CATANIA. «La legge non può essere essere dolce con un assassino o presunto assassino, deve prevedere una pena severa». Lo ha ribadito Marisa Grasso, la vedova dell’ispettore Filippo Raciti, in una conferenza stampa al Senato con il segretario del Sap Gianni Tonelli, tornando sulla semilibertà concessa a Daniele Micale, uno dei due ultrà del Catania condannati per la morte del poliziotto il 2 febbraio 2007.
«Ho tanta amarezza dentro - ha detto la donna - Mio marito è morto per quella legge che lui difendeva, per fare il suo dovere e per il senso di giustizia». Ecco perché «quando ho saputo che uno dei due assassini era in semilibertà - ha aggiunto - mi sono chiesta: 'ma allora, le cose non cambiano?'. Queste persone uccidono tranquillamente e non c'è certezza della pena, la legge non deve prevedere sconti nei confronti di chi uccide una persona. E soprattutto non deve prevedere sconti in caso venga ucciso un bambino, una donna o anche un tutore dell’ordine. Perché le leggi devono tutelare chi ci tutela».
«Non è possibile brandire un lavello e colpire un servitore dello Stato e poi vedersi lenita la responsabilità con una preterintenzionalità che porta ad uno sconto di pena grandissimo - ha sottolineato Tonelli - Alla fine l’assassino è fuori e gli è stato anche trovato un lavoro, quasi è diventato un investimento oggi ammazzare un poliziotto».
«Il banco delle regole è saltato - ha concluso - nessuno si sente più obbligato a doverle rispettare.

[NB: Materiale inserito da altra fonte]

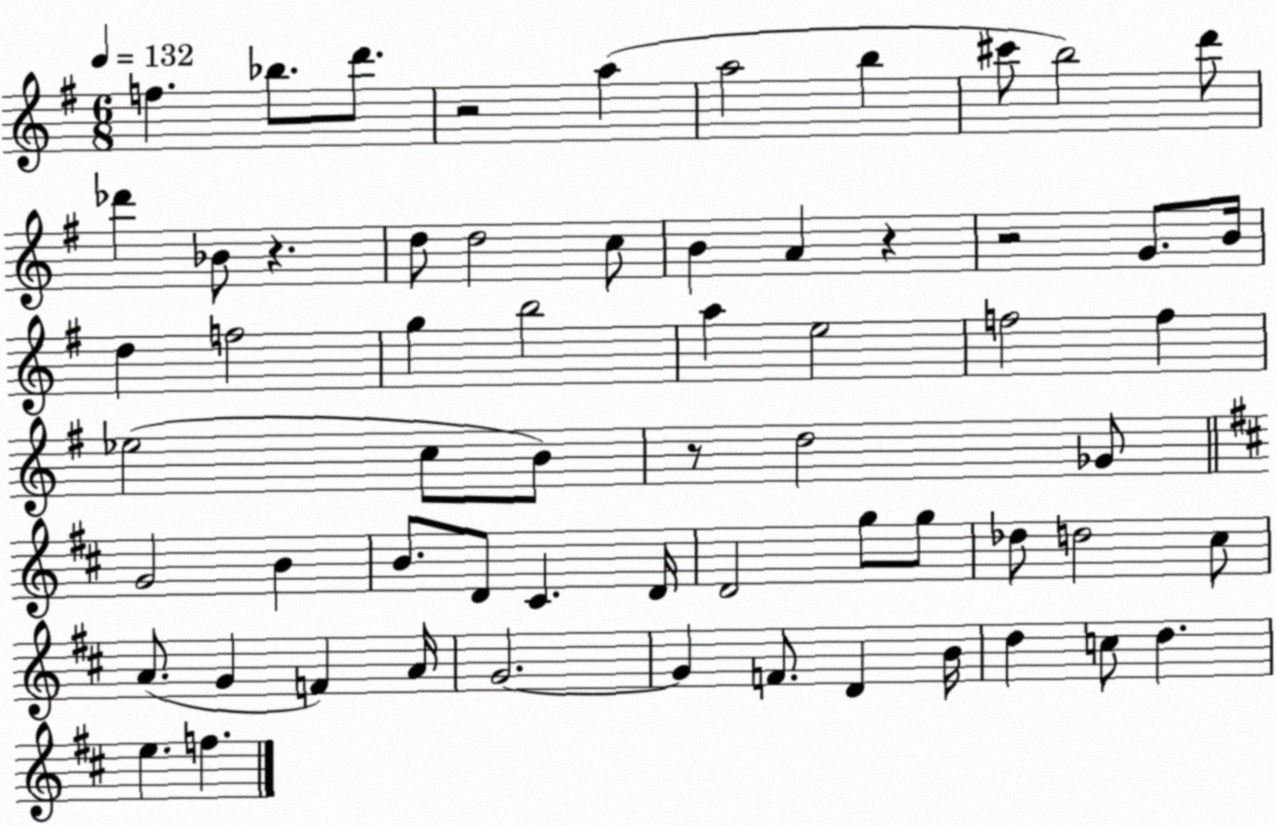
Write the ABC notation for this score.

X:1
T:Untitled
M:6/8
L:1/4
K:G
f _b/2 d'/2 z2 a a2 b ^c'/2 b2 d'/2 _d' _B/2 z d/2 d2 c/2 B A z z2 G/2 B/4 d f2 g b2 a e2 f2 f _e2 c/2 B/2 z/2 d2 _G/2 G2 B B/2 D/2 ^C D/4 D2 g/2 g/2 _d/2 d2 ^c/2 A/2 G F A/4 G2 G F/2 D B/4 d c/2 d e f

Siamo in un paese di folli in cui non c'è più regola di buon senso per cui se un poliziotto su strada si prende una coltellata - come avvenuto a Milano qualche giorno fa - quello che ha attentato alla sua vita non viene tenuto in carcere per tentato omicidio ma viene scarcerato il giorno seguente perché la coltellata viene considerata aggravante del reato di resistenza a pubblico ufficiale».